30. The method of any of claims 25 to 29, further comprising:

before the robotic computing device performs the operation, causing the robotic computing device to render an output that solicits the user to confirm that the current location of the robotic computing device is approved to perform the operation.

31. The method of any of claims 25 to 30, further comprising:

causing the robotic computing device to identify, within a current room in which the robotic computing device is located, a relative distance that follows the user when performing the operation when the user is repositioned to another portion of the particular room.

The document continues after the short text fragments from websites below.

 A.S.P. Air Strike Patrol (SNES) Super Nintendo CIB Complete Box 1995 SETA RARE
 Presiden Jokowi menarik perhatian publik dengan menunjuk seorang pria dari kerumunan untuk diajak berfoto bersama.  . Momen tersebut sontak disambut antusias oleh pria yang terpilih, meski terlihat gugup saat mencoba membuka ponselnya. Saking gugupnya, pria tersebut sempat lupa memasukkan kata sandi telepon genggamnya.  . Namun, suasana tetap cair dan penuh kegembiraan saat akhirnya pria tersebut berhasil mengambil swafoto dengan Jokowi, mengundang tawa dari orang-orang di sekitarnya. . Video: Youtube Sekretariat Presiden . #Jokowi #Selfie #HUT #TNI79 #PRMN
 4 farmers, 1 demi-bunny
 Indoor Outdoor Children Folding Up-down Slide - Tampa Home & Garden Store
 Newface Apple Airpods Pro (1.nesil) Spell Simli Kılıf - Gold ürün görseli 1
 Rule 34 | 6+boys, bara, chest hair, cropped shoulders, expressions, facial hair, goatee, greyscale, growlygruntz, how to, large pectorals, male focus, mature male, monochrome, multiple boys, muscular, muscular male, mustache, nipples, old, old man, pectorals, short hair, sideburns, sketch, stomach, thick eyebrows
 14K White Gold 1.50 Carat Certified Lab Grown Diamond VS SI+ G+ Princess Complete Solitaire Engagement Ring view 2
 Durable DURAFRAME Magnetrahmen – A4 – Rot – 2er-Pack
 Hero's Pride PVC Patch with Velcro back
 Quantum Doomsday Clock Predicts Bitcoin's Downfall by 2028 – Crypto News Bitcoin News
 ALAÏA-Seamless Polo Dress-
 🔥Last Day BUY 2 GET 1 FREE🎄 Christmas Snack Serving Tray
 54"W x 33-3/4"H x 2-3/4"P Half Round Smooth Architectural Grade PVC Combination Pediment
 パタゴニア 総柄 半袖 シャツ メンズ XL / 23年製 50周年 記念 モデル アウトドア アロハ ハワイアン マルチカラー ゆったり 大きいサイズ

32. A method implemented by one or more processors, the method comprising:

receiving, by a robotic computing device, a spoken utterance from a first user, the first user being in one space with the robotic computing device and a second user;

determining that the first user has directed the robotic computing device to communicate with the second user based on the spoken utterance,

wherein the second user is located at a second user location that is different from the first user location of the first user;

responsive to the spoken utterance, causing the robotic computing device to maneuver to the second user location and render an output for the second user,

wherein the output embodies a natural language query based on the spoken utterance from the first user;

receiving by the robotic computing device a response input from the second user,

wherein the response input embodies natural language content responsive to the natural language query embodied in the output from the robotic computing device; and

after the robotic computing device provides the output to the second user, causing the robotic computing device to maneuver to the first user location and render another output for the first user,

Wherein the further output characterizes the response input from the second user and embodies other natural language content than the natural language content embodied in the response input from the second user.

33. The method of claim 32, wherein steering the robotic computing device to the second user location comprises:

determining a positioning preference associated with the second user,

wherein the positioning preference indicates a preferred positioning of the robotic computing device when the robotic computing device is in communication with the second user, and

the robotic computing device is maneuvered to a particular location corresponding to the preferred location indicated by the location preference.

34. The method of claim 33, wherein the preferred location indicates a preferred distance of the robotic computing device from the second user, and the particular location is at least the preferred distance from the second location of the second user.

35. The method of any of claims 32-34, wherein maneuvering the robotic computing device to the first user location comprises:

Determining a positioning preference associated with the first user,

wherein the positioning preference indicates a preferred positioning of the robotic computing device when the robotic computing device renders a particular type of output for the first user, and

36. The method of any of claims 32 to 35, wherein the particular type of output comprises an audible output provided via an audio output interface of the robotic computing device or a visual output provided via a display interface of the robotic computing device.

37. The method of claim 36, wherein the particular type of output is the audible output having content characterizing a message from another user.

38. A computer program comprising instructions which, when executed by one or more processors of a computing system, cause the computing system to perform the method of any preceding claim.

39. A system comprising one or more computing devices configured to perform the method of any of claims 1-37.

40. The system of claim 39, wherein the one or more computing devices comprise a mobile robotic computing device.

41. A computer-readable storage medium storing instructions executable by one or more processors of a computing system to perform the method of any one of claims 1-37.